» Instructions to follow
Range to output from the entries below: the line containing "Chocolate Halloween Cupcakes" through the line containing "Brunette College teen". Set it down exactly, ends included, nothing else.

[[ Task data open ]]

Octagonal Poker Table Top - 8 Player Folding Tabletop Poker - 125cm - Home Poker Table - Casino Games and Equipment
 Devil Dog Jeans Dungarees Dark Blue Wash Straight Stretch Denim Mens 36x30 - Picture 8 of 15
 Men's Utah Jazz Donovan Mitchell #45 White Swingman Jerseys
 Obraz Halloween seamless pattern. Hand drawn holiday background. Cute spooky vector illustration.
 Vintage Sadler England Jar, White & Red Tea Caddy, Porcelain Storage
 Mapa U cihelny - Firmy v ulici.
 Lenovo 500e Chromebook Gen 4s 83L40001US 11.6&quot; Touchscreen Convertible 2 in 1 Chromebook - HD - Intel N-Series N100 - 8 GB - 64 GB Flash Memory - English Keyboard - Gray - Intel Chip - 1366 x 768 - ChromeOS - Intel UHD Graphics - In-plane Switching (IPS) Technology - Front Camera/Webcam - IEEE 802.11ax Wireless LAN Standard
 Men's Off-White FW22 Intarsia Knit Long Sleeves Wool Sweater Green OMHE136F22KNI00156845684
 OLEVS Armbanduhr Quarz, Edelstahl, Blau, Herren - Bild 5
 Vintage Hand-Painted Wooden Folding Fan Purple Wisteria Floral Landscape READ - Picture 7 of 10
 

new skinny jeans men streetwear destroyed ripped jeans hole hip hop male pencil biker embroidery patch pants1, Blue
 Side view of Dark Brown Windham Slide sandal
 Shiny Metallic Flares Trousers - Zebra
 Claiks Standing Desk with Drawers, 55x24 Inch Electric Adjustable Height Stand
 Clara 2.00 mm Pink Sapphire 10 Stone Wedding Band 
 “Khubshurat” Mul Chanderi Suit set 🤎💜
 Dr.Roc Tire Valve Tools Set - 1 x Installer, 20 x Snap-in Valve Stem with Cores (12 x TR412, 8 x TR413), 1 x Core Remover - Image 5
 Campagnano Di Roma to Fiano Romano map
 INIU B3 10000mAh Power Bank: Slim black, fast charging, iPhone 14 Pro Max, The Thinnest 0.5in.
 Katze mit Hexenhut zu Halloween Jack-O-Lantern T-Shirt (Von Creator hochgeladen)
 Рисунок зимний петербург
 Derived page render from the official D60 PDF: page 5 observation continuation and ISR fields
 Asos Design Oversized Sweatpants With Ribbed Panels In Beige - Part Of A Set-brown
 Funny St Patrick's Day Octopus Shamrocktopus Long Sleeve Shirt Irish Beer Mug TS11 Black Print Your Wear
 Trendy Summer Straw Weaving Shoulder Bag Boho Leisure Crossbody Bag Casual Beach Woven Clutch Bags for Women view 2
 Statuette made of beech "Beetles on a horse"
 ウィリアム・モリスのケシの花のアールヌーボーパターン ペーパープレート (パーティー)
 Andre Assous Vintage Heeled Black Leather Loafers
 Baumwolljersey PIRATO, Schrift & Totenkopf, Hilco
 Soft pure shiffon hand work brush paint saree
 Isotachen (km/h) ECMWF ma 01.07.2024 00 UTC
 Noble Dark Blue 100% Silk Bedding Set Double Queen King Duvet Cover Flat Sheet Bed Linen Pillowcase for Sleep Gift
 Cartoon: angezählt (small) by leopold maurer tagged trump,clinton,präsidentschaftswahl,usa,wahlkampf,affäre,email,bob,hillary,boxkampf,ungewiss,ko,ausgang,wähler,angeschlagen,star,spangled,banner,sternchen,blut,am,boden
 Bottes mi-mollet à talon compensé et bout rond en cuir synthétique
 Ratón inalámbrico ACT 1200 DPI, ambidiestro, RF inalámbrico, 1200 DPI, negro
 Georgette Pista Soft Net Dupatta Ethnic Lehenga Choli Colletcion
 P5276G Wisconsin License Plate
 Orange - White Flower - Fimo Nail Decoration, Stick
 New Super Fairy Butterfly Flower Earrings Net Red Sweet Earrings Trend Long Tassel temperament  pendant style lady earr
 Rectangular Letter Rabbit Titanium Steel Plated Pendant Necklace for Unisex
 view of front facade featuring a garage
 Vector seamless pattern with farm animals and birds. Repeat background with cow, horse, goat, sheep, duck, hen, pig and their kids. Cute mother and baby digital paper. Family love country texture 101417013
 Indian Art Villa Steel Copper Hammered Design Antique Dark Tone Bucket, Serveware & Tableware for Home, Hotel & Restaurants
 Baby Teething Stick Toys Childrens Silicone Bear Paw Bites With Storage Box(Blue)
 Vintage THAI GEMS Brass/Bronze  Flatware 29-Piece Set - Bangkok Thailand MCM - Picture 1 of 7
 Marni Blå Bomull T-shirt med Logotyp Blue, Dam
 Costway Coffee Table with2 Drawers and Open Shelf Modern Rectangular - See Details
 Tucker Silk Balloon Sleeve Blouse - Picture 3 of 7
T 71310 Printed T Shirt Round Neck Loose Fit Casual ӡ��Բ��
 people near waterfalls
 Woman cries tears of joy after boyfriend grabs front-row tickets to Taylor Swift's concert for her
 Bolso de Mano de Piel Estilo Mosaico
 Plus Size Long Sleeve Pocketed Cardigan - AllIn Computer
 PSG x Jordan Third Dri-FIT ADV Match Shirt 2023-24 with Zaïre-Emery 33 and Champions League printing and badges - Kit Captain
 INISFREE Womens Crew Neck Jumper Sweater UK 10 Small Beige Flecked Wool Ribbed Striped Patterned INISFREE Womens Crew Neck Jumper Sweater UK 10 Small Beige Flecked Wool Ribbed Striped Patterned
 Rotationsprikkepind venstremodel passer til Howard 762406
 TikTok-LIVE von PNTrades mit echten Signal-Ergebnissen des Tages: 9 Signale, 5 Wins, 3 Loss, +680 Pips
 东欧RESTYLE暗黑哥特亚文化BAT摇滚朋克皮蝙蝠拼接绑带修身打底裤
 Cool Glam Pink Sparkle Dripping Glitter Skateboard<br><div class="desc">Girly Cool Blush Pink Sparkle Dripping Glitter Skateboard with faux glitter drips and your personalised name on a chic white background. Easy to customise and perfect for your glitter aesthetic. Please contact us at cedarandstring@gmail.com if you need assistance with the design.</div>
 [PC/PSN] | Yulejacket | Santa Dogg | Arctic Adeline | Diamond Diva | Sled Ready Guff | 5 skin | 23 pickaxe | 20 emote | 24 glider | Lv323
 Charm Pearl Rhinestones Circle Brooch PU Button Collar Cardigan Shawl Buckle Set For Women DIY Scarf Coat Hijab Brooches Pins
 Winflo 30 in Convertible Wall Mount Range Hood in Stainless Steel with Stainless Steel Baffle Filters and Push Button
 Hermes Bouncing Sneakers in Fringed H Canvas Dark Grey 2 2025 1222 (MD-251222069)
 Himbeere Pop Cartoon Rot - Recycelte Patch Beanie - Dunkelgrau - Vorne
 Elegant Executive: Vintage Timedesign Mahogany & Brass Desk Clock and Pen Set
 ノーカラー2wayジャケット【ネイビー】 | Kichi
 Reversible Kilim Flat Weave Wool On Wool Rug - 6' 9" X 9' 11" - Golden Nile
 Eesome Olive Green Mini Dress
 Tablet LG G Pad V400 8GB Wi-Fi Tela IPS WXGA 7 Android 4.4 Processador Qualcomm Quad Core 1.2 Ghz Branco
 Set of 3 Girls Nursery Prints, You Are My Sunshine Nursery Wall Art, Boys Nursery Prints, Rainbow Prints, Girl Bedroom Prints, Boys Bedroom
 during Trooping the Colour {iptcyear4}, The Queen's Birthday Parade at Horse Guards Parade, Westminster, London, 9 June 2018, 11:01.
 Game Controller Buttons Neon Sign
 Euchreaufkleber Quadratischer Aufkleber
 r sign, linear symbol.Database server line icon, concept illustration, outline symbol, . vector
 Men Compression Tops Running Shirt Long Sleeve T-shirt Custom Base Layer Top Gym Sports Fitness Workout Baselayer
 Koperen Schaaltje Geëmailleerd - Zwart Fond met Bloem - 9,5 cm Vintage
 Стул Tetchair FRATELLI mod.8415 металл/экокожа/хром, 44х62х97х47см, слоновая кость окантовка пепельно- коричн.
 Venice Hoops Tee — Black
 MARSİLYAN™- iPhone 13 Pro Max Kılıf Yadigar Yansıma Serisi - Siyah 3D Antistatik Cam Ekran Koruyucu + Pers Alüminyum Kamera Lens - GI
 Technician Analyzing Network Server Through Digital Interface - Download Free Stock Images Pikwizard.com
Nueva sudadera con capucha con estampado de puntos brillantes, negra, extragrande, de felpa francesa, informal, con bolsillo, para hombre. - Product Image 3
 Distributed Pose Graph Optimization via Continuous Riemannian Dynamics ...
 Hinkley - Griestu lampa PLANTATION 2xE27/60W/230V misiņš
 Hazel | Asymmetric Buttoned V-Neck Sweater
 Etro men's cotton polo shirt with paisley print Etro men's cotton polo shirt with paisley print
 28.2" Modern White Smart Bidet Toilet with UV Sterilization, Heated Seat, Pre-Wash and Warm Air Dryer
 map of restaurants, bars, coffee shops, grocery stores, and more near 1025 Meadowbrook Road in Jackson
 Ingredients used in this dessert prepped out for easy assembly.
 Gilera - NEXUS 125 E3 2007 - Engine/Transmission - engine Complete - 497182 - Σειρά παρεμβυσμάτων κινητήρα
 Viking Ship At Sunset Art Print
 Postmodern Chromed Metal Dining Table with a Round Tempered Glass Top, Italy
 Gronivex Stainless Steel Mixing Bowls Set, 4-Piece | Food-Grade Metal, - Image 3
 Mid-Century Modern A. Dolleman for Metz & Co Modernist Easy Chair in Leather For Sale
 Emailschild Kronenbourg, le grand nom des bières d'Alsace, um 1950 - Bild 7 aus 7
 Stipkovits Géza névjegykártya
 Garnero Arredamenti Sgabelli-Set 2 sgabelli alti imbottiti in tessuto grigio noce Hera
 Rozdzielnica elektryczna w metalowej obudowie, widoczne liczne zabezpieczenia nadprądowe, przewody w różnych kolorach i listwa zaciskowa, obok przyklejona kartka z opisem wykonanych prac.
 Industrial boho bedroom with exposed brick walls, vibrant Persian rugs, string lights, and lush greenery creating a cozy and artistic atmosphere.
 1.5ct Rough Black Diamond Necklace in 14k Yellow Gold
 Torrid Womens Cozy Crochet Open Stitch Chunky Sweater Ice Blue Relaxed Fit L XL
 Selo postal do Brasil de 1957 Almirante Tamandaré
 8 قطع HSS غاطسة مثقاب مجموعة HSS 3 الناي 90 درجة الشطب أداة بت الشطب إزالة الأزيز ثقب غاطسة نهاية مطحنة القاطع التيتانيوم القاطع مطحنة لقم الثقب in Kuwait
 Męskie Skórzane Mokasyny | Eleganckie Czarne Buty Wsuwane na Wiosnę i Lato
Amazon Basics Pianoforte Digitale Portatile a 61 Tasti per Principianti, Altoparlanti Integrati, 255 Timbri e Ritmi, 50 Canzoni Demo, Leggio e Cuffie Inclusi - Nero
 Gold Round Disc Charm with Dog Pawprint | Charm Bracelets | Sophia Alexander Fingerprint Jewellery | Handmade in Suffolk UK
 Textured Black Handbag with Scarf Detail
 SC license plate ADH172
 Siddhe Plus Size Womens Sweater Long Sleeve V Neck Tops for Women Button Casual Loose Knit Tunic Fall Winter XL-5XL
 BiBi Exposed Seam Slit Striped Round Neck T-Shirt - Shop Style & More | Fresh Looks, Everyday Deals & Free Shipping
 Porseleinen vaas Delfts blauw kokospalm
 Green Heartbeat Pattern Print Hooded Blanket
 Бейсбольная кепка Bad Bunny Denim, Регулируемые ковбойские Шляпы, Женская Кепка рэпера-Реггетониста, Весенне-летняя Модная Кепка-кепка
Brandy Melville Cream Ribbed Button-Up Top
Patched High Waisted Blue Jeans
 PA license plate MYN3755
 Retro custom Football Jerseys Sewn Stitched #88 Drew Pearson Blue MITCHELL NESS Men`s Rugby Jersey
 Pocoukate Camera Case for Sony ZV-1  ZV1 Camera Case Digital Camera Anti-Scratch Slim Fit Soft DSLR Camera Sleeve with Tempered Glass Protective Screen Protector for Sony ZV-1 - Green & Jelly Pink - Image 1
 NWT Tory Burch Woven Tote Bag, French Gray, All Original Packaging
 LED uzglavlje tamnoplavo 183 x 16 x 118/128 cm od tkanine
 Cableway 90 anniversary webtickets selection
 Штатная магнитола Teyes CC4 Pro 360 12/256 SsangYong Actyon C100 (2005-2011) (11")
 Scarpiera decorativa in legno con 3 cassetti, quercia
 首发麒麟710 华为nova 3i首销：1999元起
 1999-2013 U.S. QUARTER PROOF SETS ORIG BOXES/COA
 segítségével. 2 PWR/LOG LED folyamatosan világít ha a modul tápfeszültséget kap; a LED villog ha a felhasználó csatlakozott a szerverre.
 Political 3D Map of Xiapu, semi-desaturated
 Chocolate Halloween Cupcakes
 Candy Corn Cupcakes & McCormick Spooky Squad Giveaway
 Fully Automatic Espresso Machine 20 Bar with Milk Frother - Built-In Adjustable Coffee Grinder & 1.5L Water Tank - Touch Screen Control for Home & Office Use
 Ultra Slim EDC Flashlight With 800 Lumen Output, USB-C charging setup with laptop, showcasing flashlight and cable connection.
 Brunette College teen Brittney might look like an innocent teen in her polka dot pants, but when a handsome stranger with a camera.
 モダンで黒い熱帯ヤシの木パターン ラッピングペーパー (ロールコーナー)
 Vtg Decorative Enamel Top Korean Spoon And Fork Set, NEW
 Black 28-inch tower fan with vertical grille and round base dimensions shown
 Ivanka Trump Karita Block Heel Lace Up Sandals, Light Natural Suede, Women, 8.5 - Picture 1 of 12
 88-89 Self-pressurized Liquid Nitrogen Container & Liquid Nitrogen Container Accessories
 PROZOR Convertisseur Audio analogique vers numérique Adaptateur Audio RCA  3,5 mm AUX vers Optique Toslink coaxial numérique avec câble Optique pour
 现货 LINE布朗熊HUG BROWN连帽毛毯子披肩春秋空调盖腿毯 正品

[[ Task data closed ]]

» Result for this exercise
 Chocolate Halloween Cupcakes
 Candy Corn Cupcakes & McCormick Spooky Squad Giveaway
 Fully Automatic Espresso Machine 20 Bar with Milk Frother - Built-In Adjustable Coffee Grinder & 1.5L Water Tank - Touch Screen Control for Home & Office Use
 Ultra Slim EDC Flashlight With 800 Lumen Output, USB-C charging setup with laptop, showcasing flashlight and cable connection.
 Brunette College teen Brittney might look like an innocent teen in her polka dot pants, but when a handsome stranger with a camera.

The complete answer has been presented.